SUPPLIED RECORDS.
########
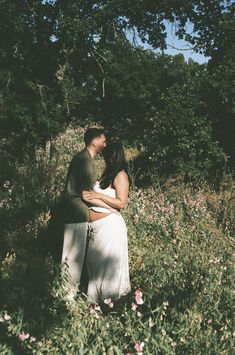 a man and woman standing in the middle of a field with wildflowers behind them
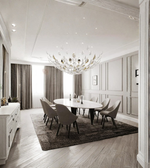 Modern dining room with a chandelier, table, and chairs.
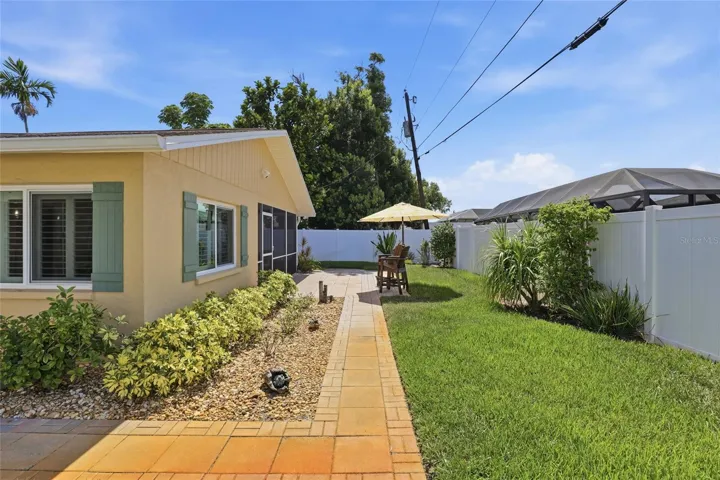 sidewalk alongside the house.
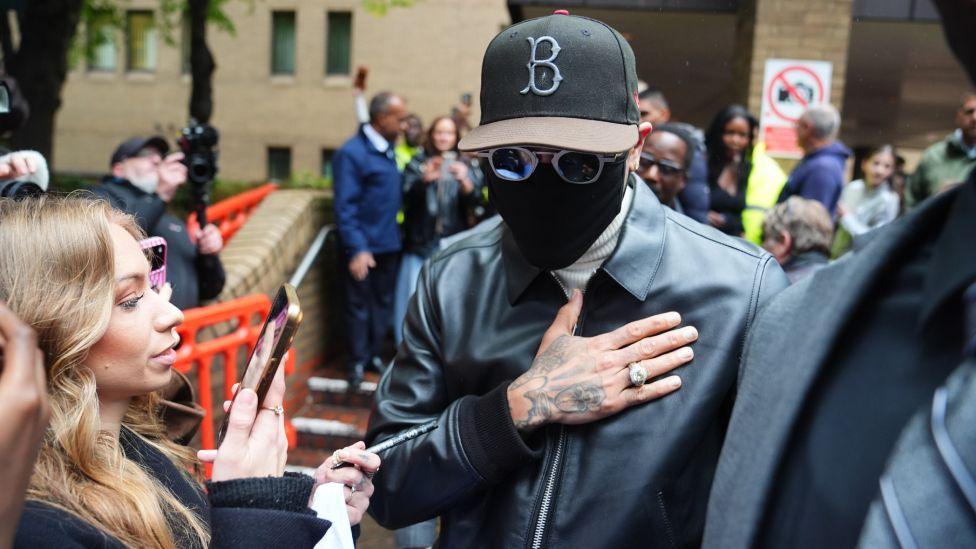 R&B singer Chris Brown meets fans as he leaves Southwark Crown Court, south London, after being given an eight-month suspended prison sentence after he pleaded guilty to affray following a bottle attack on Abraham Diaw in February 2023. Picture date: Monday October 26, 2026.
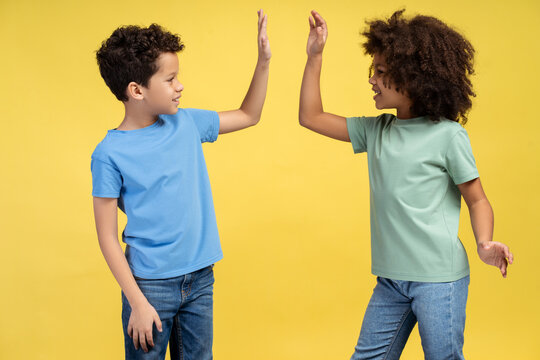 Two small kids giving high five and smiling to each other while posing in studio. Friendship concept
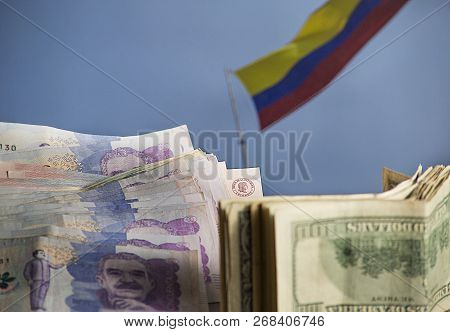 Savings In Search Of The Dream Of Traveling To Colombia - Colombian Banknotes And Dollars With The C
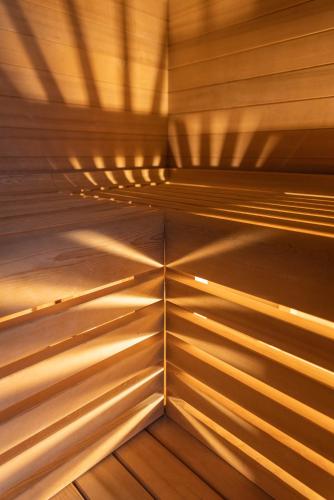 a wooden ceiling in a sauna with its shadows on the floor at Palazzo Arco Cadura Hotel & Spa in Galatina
########
EXERCISE REQUIREMENTS.
The answer consists solely of the lines from the one holding "R&B singer Chris" through the last line of the entries above, set down verbatim, without any pictures.

EXPECTED OUTPUT.
 R&B singer Chris Brown meets fans as he leaves Southwark Crown Court, south London, after being given an eight-month suspended prison sentence after he pleaded guilty to affray following a bottle attack on Abraham Diaw in February 2023. Picture date: Monday October 26, 2026.
 Two small kids giving high five and smiling to each other while posing in studio. Friendship concept
 Savings In Search Of The Dream Of Traveling To Colombia - Colombian Banknotes And Dollars With The C
 a wooden ceiling in a sauna with its shadows on the floor at Palazzo Arco Cadura Hotel & Spa in Galatina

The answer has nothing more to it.